Click here to read more: https://www.fca.org.uk/firms/client-money-assets

Can I claim compensation?

If you are owed money by a financial firm that goes bust, you may be entitled to compensation.
It is important to know how your money is protected and how much compensation you could claim if a UK financial services firm goes bust.
There are 7 steps to follow that can be found here: https://www.fca.org.uk/consumers/claim-compensation-firm-fails

Does the FCA help me if I need to complain?

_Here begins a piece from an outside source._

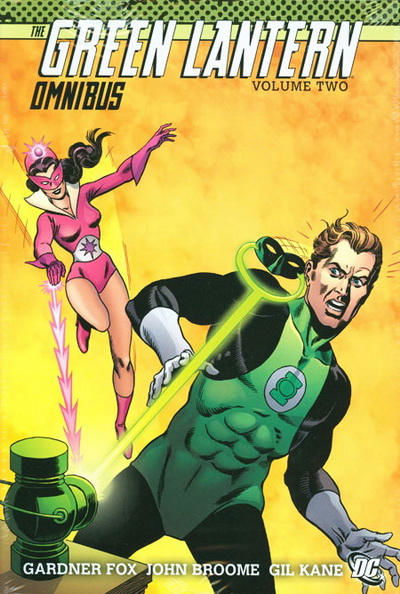 Green Lantern Omnibus (DC, 2010 series) #2 [November] 2011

If you are unhappy with a financial product or service, you can complain.
The FCA do not investigate individual complaints, but regulated financial firms must have a procedure in place for resolving disputes with their customers and respond to you within set deadlines.
Click here to read more about the 4-step process: https://www.fca.org.uk/consumers/how-complain

How do I check if a firm is FCA registered?

The Financial Services Register is a public record of firms, individuals and other bodies that are, or have been, regulated by the PRA and/or FCA.
You can search the Register for information on a firm, individual or financial services product by entering its name, reference number (FRN) or postcode. You can also search for certain investment exchanges.
The Register shows whether a firm you are using, or plan to use, is authorised or registered by the Prudential Regulation Authority (PRA) and/or the FCA, or is exempt. You can also find out if a consumer credit firm has interim permission.

Other information you can see includes:

  • the main contact details, trading names, permissions and other basic information
  • the ‘status’ of a firm or individual, such as whether they are authorised or approved
  • whether a firm is covered by the Financial Ombudsman Service
  • and Financial Services Compensation Scheme (FSCS)
  • the regulated activities the firm can provide and its ‘permissions’ for those activities

The register can be found here: https://register.fca.org.uk/

What are the benefits to using an authorised company?

Uninvested lender money is protected if the firm goes bust
Platforms must hold lenders’ money that is yet to be lent out separately from other funds, so that it can be returned in the event of insolvency

Access to the Financial Ombudsman

Lenders can approach the Financial Ombudsman if the platform hasn’t resolved a complaint to their satisfaction. Details of how the Financial Ombudsman Service works can be found here: http://www.financial-ombudsman.org.uk/

Capital requirements

The FCA sets out a capital requirement for most regulated firms to ensure that they have a buffer for periods of financial difficulty, or enough funds to allow the firm to wind down in an orderly manner if necessary. From April 2017, platforms must have a sum of at least £50,000 available. This value increases along with the size of the loan book.

Provisions for loans to continue

In the event that a platform ceases operations, arrangements must be in place to ensure that existing loans can continue to run in an orderly fashion until the loan naturally ends.
 

Who makes the rules?

The FCA set out the rules for companies to adhere to. These are published in the FCA handbook, which is used as a reference tool for guidance and direction.